During normal and accidental operations of a light water nuclear reactor, a wide range of thermal-hydraulic conditions may be encountered for which the critical heat flux (CHF) cannot be predicted by a single correlation. An encompassing model was developed for predicting the steady-state forced convective CHF for water over a wide range of thermal-hydraulic conditions. A CHF model is postulated using a conceptual CHF map to define possible CHF mechanisms for given thermal-hydraulic conditions. Existing steadystate CHF correlations, for which the primary CHF mechanism modeled can be identified, are then used in conjunction with the conceptual CHF map to construct a predictive CHF model. The CHF correlations used as the foundation of this model are the Westinghouse-3, the Biasi, and the Modified-Barnett correlations.

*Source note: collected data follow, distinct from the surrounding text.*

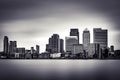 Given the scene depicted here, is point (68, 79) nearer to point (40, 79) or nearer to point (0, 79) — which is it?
point (40, 79)

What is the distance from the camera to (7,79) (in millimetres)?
91938

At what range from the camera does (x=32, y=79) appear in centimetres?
9244

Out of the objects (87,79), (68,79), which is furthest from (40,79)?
(87,79)

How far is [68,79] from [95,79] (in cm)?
915

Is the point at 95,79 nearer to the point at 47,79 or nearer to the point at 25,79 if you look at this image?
the point at 47,79

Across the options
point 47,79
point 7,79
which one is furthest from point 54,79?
point 7,79

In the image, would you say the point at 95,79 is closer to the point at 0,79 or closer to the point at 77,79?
the point at 77,79

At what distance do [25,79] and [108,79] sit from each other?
90.7ft

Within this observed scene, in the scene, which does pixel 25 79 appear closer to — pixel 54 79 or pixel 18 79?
pixel 18 79

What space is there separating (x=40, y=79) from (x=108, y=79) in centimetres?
2269

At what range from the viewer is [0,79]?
90562 mm

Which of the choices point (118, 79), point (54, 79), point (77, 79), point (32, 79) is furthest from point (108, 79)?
point (32, 79)

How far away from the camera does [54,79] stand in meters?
93.2

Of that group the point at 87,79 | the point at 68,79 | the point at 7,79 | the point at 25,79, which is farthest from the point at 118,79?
the point at 7,79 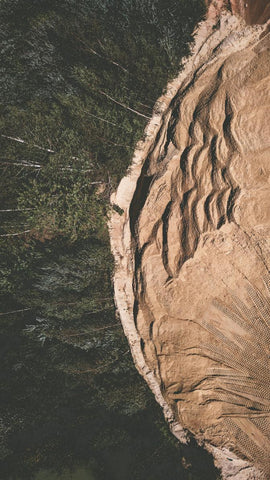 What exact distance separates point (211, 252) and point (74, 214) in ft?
12.2

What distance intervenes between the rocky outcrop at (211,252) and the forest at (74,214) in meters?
0.64

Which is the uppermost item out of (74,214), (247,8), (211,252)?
(247,8)

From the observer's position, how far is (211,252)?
4.85 metres

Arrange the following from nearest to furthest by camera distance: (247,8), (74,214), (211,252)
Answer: (247,8)
(211,252)
(74,214)

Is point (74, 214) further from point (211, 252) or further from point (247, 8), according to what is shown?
point (247, 8)

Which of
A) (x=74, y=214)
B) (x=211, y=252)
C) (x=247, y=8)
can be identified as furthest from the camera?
(x=74, y=214)

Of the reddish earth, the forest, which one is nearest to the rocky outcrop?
the reddish earth

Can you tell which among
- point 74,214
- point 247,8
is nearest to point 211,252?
point 74,214

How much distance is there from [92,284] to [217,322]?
11.2ft

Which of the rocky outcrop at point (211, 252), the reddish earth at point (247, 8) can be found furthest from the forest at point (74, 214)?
the rocky outcrop at point (211, 252)

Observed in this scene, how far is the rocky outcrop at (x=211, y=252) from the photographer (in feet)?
14.5

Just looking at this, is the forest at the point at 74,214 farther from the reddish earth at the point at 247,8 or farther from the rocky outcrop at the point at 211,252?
the rocky outcrop at the point at 211,252

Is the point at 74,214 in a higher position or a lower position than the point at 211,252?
lower

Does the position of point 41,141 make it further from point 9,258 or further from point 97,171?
point 9,258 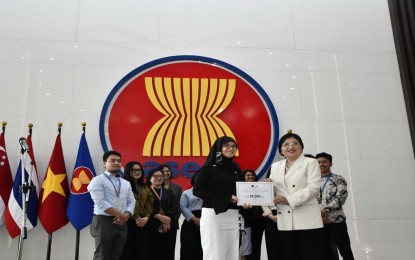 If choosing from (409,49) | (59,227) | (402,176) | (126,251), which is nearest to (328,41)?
(409,49)

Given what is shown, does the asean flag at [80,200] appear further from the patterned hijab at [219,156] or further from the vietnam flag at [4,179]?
the patterned hijab at [219,156]

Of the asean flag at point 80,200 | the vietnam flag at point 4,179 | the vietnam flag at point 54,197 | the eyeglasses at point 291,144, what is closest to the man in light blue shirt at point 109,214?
the asean flag at point 80,200

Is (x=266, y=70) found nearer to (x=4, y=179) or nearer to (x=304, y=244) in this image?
(x=304, y=244)

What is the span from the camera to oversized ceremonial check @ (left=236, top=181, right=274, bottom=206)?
8.14ft

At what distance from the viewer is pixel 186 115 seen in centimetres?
445

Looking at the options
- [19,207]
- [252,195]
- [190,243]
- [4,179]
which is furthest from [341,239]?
[4,179]

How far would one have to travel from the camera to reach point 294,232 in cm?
246

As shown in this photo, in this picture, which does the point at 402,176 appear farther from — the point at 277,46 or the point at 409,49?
the point at 277,46

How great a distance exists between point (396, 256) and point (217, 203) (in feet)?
9.82

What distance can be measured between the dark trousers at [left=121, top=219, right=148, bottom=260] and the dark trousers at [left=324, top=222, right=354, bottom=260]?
162cm

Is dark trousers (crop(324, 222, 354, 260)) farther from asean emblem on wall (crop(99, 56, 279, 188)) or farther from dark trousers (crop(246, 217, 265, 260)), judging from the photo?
asean emblem on wall (crop(99, 56, 279, 188))

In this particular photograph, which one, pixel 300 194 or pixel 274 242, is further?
pixel 274 242

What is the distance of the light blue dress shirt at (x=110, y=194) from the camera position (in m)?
3.05

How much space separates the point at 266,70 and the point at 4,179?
3.23 m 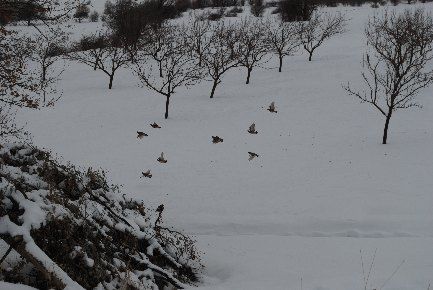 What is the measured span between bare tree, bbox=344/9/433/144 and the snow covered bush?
1122cm

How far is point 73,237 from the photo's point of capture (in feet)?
21.9

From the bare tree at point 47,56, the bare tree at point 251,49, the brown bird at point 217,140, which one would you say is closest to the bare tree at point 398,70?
the brown bird at point 217,140

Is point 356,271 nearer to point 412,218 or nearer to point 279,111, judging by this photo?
point 412,218

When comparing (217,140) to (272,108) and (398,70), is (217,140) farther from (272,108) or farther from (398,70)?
(398,70)

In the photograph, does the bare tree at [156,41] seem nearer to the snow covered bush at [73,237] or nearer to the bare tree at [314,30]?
the bare tree at [314,30]

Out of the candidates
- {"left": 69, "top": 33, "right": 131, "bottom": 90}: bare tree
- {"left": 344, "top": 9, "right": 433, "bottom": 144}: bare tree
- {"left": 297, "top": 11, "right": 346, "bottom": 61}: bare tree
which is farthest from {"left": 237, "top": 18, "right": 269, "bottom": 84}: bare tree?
{"left": 69, "top": 33, "right": 131, "bottom": 90}: bare tree

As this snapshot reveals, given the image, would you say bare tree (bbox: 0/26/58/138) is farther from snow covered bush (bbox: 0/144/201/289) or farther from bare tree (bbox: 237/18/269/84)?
bare tree (bbox: 237/18/269/84)

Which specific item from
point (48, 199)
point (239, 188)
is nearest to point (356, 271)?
point (48, 199)

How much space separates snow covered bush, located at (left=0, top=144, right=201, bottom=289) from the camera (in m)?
5.23

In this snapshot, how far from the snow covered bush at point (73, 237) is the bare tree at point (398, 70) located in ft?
36.8

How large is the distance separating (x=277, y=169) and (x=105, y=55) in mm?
29740

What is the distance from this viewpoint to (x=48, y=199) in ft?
23.7

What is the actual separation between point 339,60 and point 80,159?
77.9 ft

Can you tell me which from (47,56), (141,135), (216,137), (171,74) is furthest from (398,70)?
(47,56) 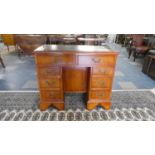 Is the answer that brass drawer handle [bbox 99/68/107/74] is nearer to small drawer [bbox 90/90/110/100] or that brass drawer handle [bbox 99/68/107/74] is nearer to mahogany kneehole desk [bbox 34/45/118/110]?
mahogany kneehole desk [bbox 34/45/118/110]

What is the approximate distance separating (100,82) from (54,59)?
0.67 m

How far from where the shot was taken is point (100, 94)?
6.10 ft

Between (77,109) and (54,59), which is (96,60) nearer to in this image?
(54,59)

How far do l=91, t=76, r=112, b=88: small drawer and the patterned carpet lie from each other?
1.28 feet

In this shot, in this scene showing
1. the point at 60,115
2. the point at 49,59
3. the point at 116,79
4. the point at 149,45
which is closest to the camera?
the point at 49,59

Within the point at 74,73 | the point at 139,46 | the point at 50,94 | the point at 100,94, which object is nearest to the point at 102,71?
the point at 100,94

These correlations allow coverage of a wide range of thermal-hydraulic conditions, provide favorable comparison with experimental data, and are commonly used in the nuclear industry. The parametric ranges covered by the resultant model are

0.3 < P (MPa) <16.0

6.0 <D (mm) <30.0

100.0 <G (kg/m2·s) < 8000.0

−0.3 <X (dimensionless) < 1.0,where P is pressure; D, the hydraulic diameter; G, the mass flux; and X is quality. The CHF model compares favorably with available experimental data and was used to construct specific CHF maps.